Avery and Dane: Going Down In the Flood
What does it mean to be an outsider? For Dane, life seems hard to navigate because he is different. Is this sibling rivalry or just sibling contempt? Do Corey and Dane share any traits? When we first meet Avery, he seems to be the worrywart son, who just wants to not have to spend so much time thinking about his declining mother. He seems to lack sympathy for his mother's plight and her desire to live the rest of her years back home where she was born. Yet, Avery's chapter really blows us out of our complacency and makes us realize that sometimes we judge others on too little information. What else does the author advance here by having Avery tell us his story of Buffalo Creek so personally and vividly?
Thursday, March 3, 2011
Mogey's Story and Lace's Sorrow
Bant looks up to Uncle Mogey. She knows he is at one with the land, and she respects his devotion to knowing and being a steward of this place that he loves so much. He tells his extraordinary story about the buck and what is a truly surrealistic experience that he cannot deny but which is hard to integrate into his belief system and life as he knows it. Lace, on the other hand, just knows that this place is home and finds the move to North Carolina difficult and deadening to her spirit. And then, there's her relationship with Jimmy Make that she is trying to save. What does she mean when she says "But even with romance, without touching, without even much talking, me and Jimmy Make kept getting tied together tighter and tighter, only it no longer had anything to do with that slime green vine. This was rope. Knotted rope, scratchy and binding, and if you didn't feel it always, you sure did if you turned." (p.185)

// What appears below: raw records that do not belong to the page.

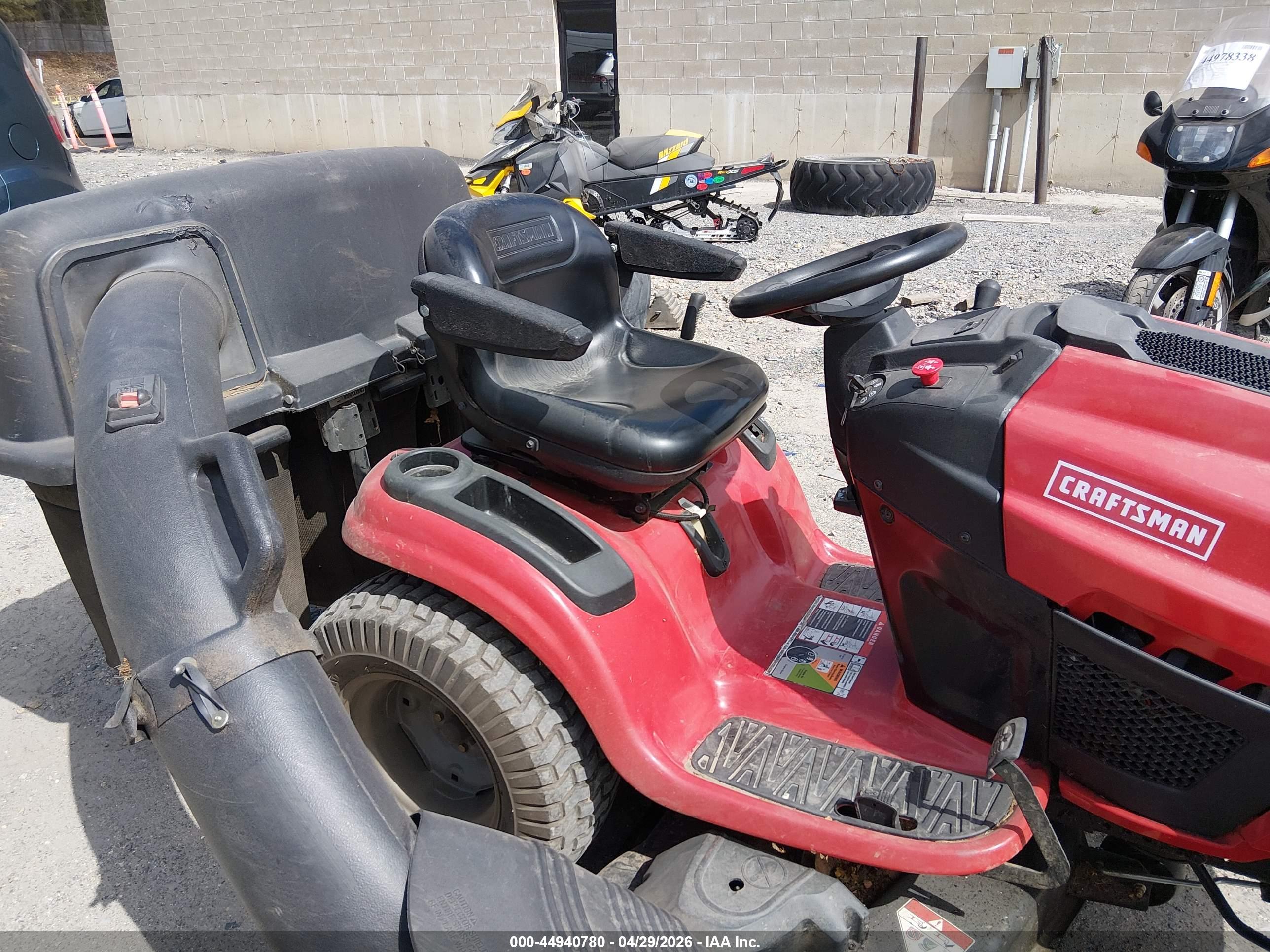CRAFTSMAN LT2000 image 5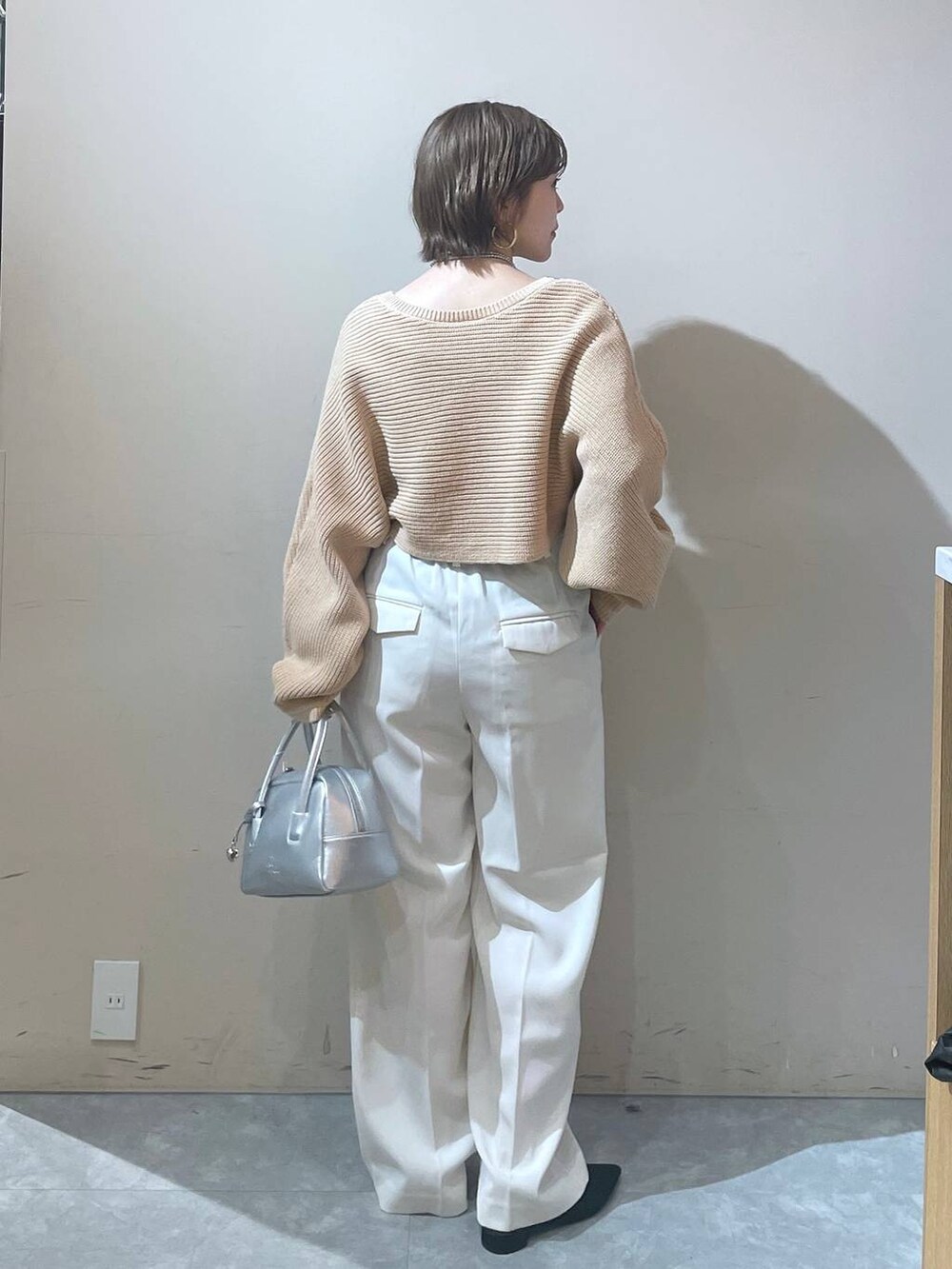 「LOWRYS FARM」｜「LOWRYS FARMのリボンツキ２ＷＡＹミュール　100500（パンプス、ブラック系）」を使った、Minaさん（レディース・153cm）の秋コーディネートの5枚目の写真
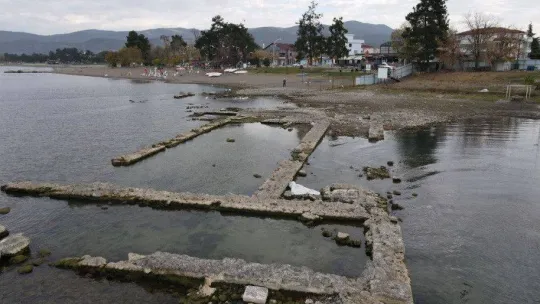 Kasım ayının ortasında gölde yüzdüler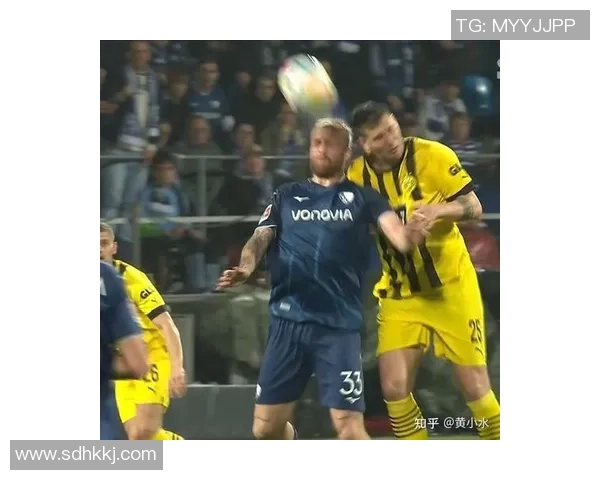 德甲激战曼联大胜多特蒙德补时进球引发争议判罚全场沸腾 德甲激战曼联大胜多特蒙德补时进球引发争议判罚全场沸腾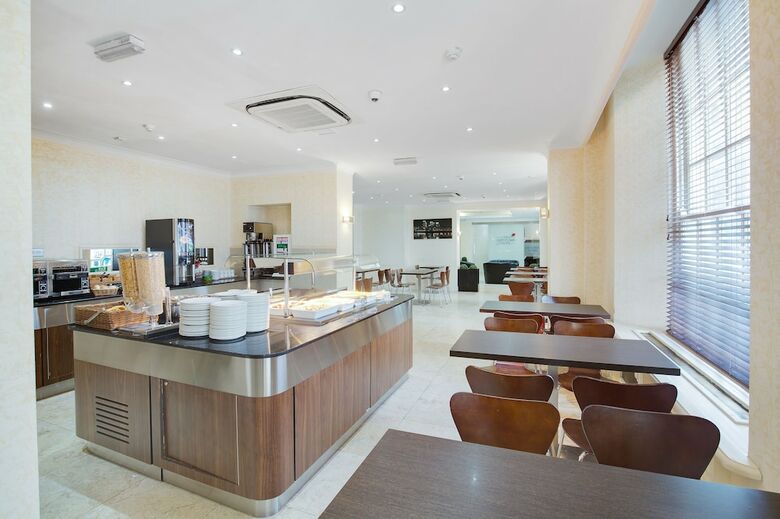 Hotel Queens Park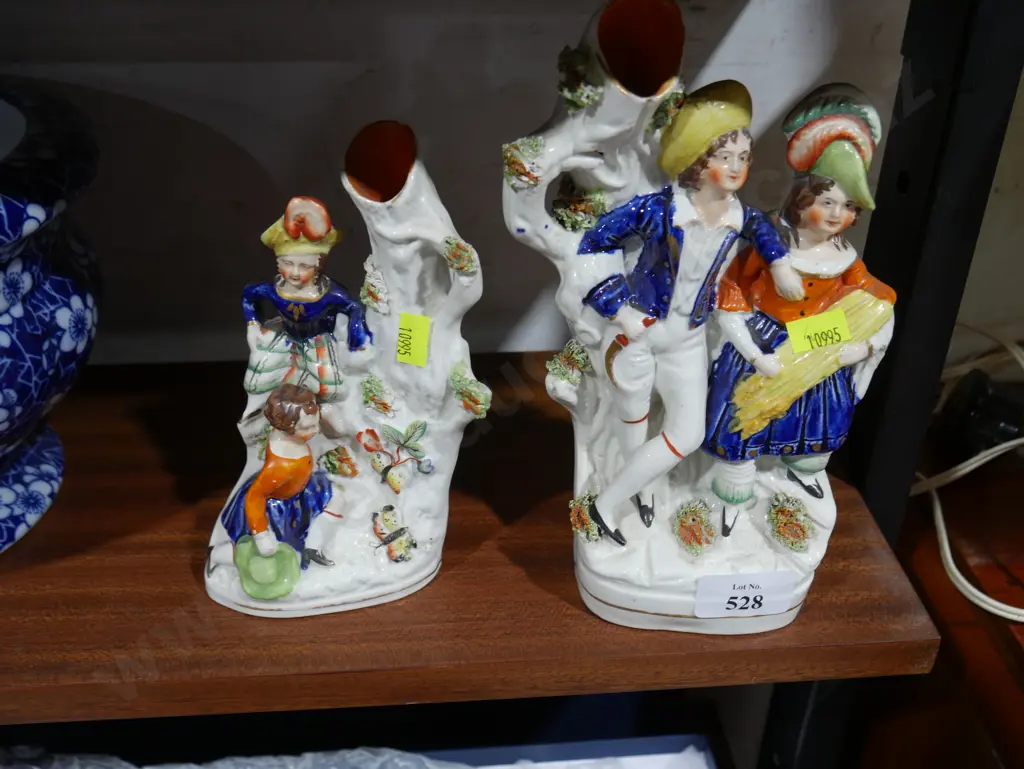 2 figure vases Image 1++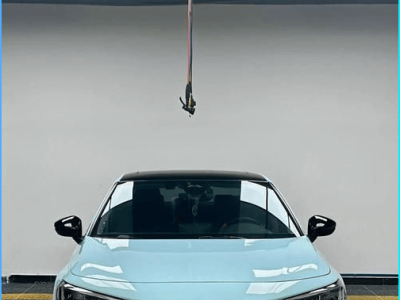 11代思域2.0L混动版：空间舒适驾驶爽，价格劝退务实党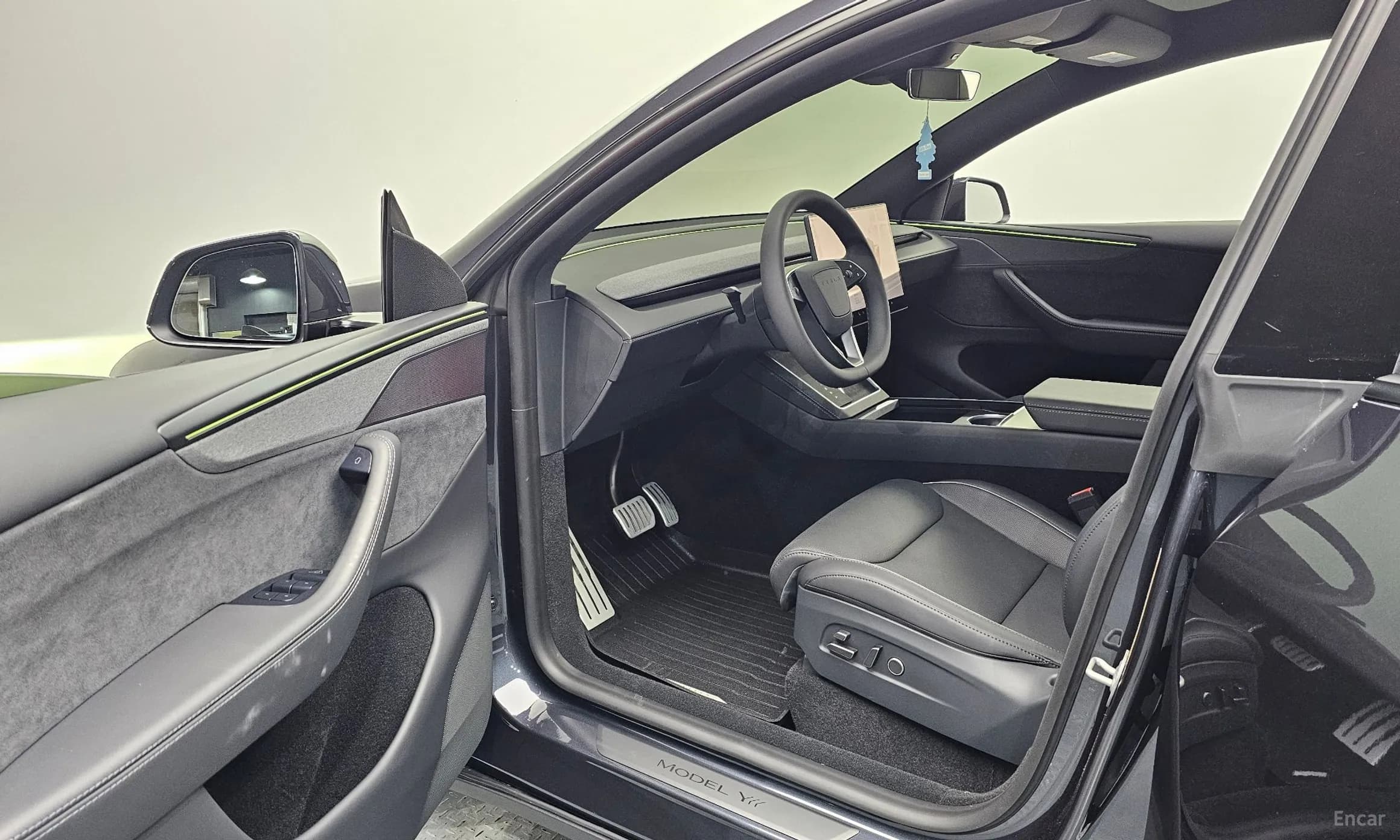 Model Y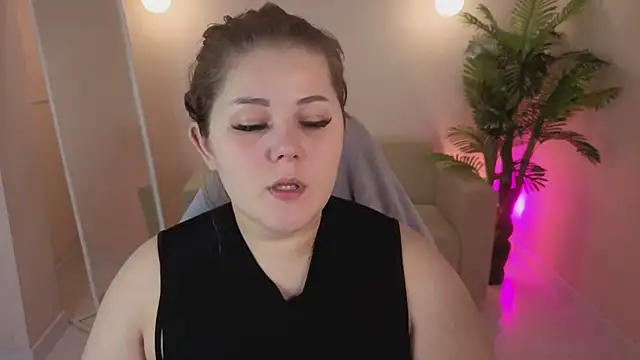 Scarlet Sinera online show from November 29, 11:09 pm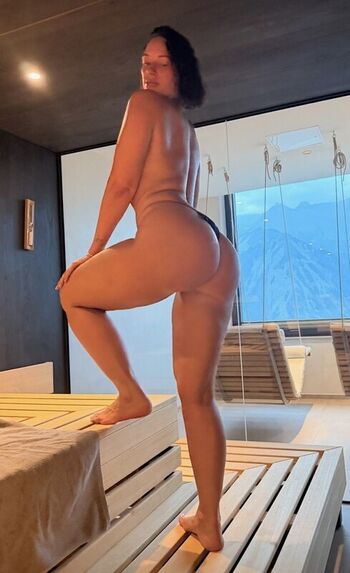 Full leaked Yesjulz  page private onlyfans photo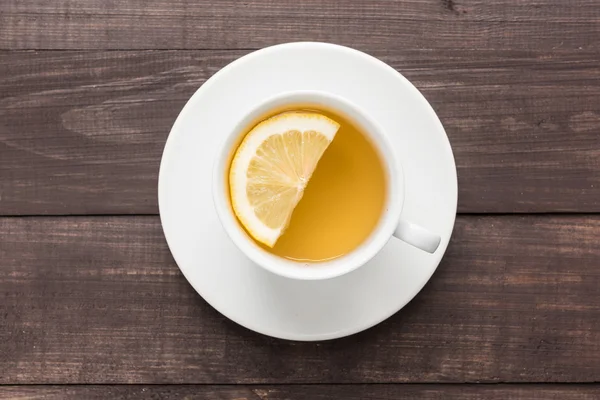 加上木制背景柠檬姜茶 — 图库照片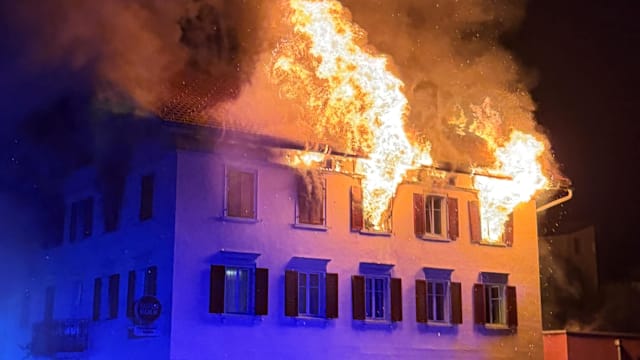 瑞士两栋公寓夜间发生火灾 5人失踪19人受伤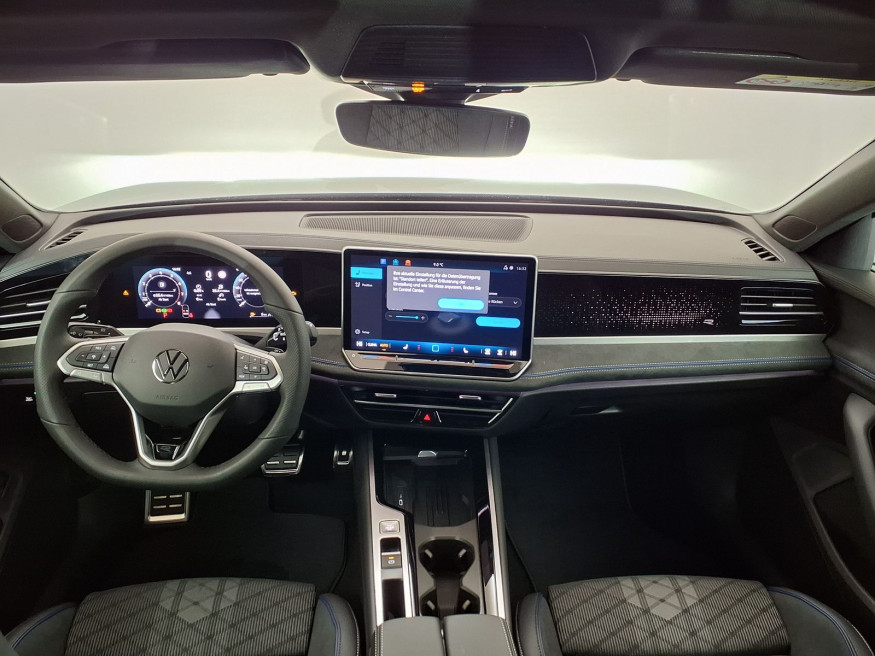 VW Passat Variant R-Line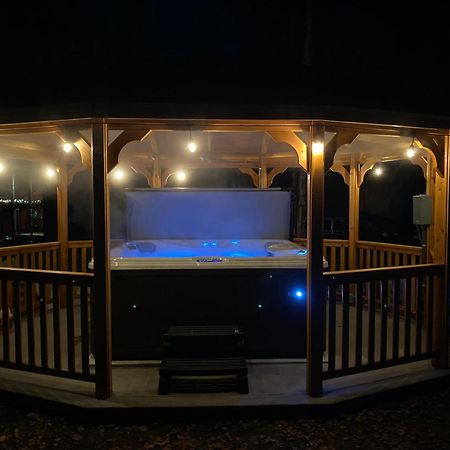 Talkeetna Log Cabin With Hot Tub Unit 2 Eksteriør billede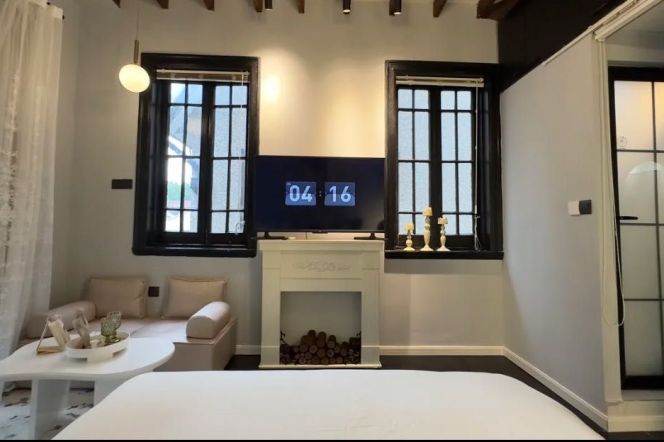  Homey studio with Balcony nr Middle Huaihai Rd     L1/10/12/13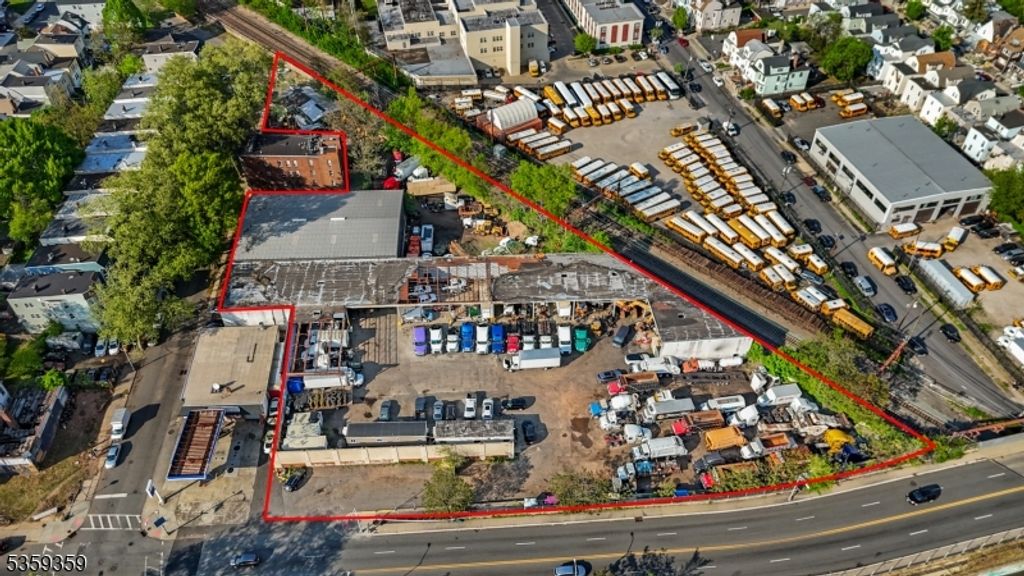 10 Park Ave, East Orange City, NJ 07017 — exterior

Thursday, February 24, 2011
Welcome to Foxcroft AP English Strange As This Weather Has Been
Welcome to a conversation about the novel Strange As This Weather Has Been by Ann Pancake. This is a contemporary novel about a family, a place, and something which threatens to destroy everything that they have ever had. It is a novel about nature, about environmental ethics, but mostly, a novel about people trying to learn what their life is about and what values that they hold the dearest and what things matter most to them. It is about love and choices and amazing discoveries. It is about the conflicts in families, the differences in siblings and often tenuous relationship between nature and human beings. The quality of our understanding of this book and what it holds for us, the reader, will depend on our ability to help each other see it from the varied perspectives that our wide experiences provide. We will be scattered all over the world, yet this discussion will unite us and bring us back together about ideas and human longings and what makes life, in the end, worth living.